What to work on = All lines from the one including "WWLSV 9-in-1 USB" to the bottom of the entries below should be repeated exactly, both ends kept.

Records provided =
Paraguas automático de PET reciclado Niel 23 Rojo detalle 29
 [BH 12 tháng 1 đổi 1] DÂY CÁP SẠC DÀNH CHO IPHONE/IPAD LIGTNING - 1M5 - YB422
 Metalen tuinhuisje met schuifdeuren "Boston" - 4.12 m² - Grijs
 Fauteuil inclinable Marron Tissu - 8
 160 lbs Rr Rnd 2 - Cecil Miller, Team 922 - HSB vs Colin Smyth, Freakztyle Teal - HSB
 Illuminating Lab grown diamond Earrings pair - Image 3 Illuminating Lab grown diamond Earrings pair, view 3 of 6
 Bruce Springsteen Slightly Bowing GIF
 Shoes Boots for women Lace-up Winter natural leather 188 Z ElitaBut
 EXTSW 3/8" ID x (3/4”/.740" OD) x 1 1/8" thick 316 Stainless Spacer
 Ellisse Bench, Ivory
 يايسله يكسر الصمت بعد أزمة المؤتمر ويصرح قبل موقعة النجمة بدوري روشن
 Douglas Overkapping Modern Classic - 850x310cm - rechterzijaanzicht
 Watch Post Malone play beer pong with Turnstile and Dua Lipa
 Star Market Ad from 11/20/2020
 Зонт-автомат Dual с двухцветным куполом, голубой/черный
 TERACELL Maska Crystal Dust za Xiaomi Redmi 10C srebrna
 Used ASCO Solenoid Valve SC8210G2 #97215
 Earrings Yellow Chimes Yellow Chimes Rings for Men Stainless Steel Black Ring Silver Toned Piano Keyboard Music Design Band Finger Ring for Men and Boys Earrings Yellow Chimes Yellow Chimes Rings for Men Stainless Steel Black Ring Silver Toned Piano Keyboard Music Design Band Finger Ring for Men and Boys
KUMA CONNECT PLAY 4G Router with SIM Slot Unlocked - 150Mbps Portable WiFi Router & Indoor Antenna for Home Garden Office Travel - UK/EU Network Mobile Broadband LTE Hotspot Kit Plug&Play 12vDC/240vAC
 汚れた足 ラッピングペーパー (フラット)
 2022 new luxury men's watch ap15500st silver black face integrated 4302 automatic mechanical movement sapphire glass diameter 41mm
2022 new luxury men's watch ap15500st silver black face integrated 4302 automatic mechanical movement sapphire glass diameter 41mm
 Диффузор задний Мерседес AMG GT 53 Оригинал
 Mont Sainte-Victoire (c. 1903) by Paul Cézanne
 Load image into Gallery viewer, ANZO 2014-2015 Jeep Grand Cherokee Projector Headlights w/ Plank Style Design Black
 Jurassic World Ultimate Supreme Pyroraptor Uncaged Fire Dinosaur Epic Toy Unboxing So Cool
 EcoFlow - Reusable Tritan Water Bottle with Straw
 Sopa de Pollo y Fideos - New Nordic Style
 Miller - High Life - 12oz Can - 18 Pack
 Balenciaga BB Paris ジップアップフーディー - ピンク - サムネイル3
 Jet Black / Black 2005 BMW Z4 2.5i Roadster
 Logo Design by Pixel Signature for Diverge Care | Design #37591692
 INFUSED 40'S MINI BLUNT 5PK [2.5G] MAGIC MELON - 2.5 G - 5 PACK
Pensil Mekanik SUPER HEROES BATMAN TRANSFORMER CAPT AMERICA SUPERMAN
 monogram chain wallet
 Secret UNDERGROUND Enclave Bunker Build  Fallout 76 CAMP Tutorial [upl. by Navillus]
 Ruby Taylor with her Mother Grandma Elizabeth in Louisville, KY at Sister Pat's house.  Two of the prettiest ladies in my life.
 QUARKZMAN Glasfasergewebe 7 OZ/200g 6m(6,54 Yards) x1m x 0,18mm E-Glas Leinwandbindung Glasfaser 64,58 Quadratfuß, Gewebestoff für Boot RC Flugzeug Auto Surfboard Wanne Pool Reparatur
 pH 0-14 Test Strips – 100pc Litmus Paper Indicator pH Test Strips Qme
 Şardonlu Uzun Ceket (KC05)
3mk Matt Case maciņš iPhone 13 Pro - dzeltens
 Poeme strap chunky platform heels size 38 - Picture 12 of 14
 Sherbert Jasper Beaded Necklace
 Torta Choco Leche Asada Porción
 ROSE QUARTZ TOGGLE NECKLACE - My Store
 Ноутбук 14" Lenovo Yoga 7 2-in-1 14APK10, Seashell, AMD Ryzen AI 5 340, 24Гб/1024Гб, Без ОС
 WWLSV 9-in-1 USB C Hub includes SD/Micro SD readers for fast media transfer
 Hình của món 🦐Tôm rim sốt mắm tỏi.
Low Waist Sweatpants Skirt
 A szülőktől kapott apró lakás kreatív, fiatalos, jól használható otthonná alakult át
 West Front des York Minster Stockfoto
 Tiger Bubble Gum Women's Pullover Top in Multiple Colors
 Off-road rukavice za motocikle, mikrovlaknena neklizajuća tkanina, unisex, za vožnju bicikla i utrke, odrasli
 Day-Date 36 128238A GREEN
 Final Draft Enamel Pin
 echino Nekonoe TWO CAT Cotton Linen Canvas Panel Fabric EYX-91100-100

Reply =
 WWLSV 9-in-1 USB C Hub includes SD/Micro SD readers for fast media transfer
 Hình của món 🦐Tôm rim sốt mắm tỏi.
Low Waist Sweatpants Skirt
 A szülőktől kapott apró lakás kreatív, fiatalos, jól használható otthonná alakult át
 West Front des York Minster Stockfoto
 Tiger Bubble Gum Women's Pullover Top in Multiple Colors
 Off-road rukavice za motocikle, mikrovlaknena neklizajuća tkanina, unisex, za vožnju bicikla i utrke, odrasli
 Day-Date 36 128238A GREEN
 Final Draft Enamel Pin
 echino Nekonoe TWO CAT Cotton Linen Canvas Panel Fabric EYX-91100-100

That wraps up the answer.